# kindly ID this plant



## ecotanker (Jun 12, 2009)

I got a great looking plant from a lfs and would love to know exactly what it is. Please id it for me and give some advice to its care. Thanks so much.


----------



## Seattle_Aquarist (Mar 7, 2008)

Hi ecotanker,

It looks like LIMNOPHILA AROMATICA. The Plantfinder part of APC is a great tool for learning about some of the various species of plants.

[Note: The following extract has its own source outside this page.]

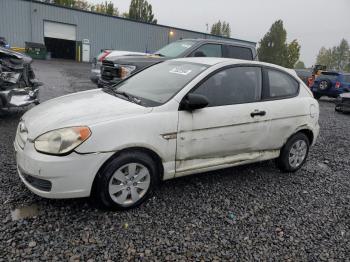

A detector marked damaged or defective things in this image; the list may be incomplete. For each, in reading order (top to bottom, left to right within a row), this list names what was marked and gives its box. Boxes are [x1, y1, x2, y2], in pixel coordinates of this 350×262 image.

wrecked vehicle background [0, 47, 40, 111]
damaged car door [0, 47, 41, 110]
damaged car door [175, 66, 270, 176]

I have Limnophila aromatica and it grows well for me. The leaves turn the reddish color if they grow close to the light. I do have trouble with the plant keeping the lower leaves.


----------



## Cavan Allen (Jul 22, 2004)

I think it's actually this:
http://www.aquaticplantcentral.com/...etails.php?id=81&category=genus&spec=Ludwigia

Great find for a LFS!


----------



## Seattle_Aquarist (Mar 7, 2008)

Hi Cavan,

I certainly don't have the experience that you do in this area. So I can properly identify what I have in my tank, is there a way to tell the difference without doing emersed culture? I was going by the wider leaf structure.


----------



## ecotanker (Jun 12, 2009)

Thank you Cavan and Seattle_Aquarist! I believe it is a Ludwigia Cuba too, but just want to make sure. Thanks for the pointer to the plant finder.


----------



## Cavan Allen (Jul 22, 2004)

Seattle_Aquarist said:


> Hi Cavan,
> 
> I certainly don't have the experience that you do in this area. So I can properly identify what I have in my tank, is there a way to tell the difference without doing emersed culture? I was going by the wider leaf structure.


_L. aromatica_ has teeth on its leaves while the _Ludwigia_ doesn't. It also has sharper leaf tips, doesn't have the somewhat mottled appearance, isn't as weedy, and so on. Also, the aromatica has a distinct peppery/carroty smell, even when grown submersed (not surprising, since it's also used as an herb). There are more differences, but those are sufficient to tell them apart. _Pogostemon stellatus_ is similar to both, but can be differentiated by its purple nodes (where the leaves attach).


----------



## Seattle_Aquarist (Mar 7, 2008)

Thank you Cavan, I do have Limnophila aromatica. Mine definitely have teeth on the leaf edges.


----------